Since your a self proclaimed newbie, let me first start off by saying that a pork shoulder does not necessarily take 12 hours. It might, but then again it might not. It depends on many variables. Always cook to the desired internal meat tempature and not by the amount of time you assume it's going to take.
The meat will continue to take on smoke flavor throughout the cooking process no matter when add the wood. Unless you plan on foiling when the meat hits a certain tempature. Then obviously the meat is wrapped in foil and is just braising in it's own juices + whatever other liquid you may have added. But you do not have to foil. Many do since it creates a moist environment and the meat just becomes fall apart tender.
If you have not been through the 5-day ecourse, I recommend doing that.
Also,
here is a link to Jeff's on-line recipie for doing a shoulder.

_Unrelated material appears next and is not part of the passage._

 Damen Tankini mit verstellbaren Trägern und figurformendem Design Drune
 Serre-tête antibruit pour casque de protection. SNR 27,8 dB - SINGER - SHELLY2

I would recommend that you start with smoke right from the get-go. Then you can go nap for a few hours (if you're convinced the smoker will be safe and hold temps without supervision) and come back and probe the meat with a quality, calibrated thermometer. When the meat hits 165*F internal temp, wrap in some heavy duty alluminum foil. Add in some apple juice, beer, water, some sort of liquid to help the braising. Then you can go back and nap for a couple more hours. When the meat hits 200-205* pull it from the smoker, and let it rest in a dry cooler wrapped in towels for and hour or two. It'll stay piping hot this way and the meat will continue to break down. Then just open 'er up and start pulling.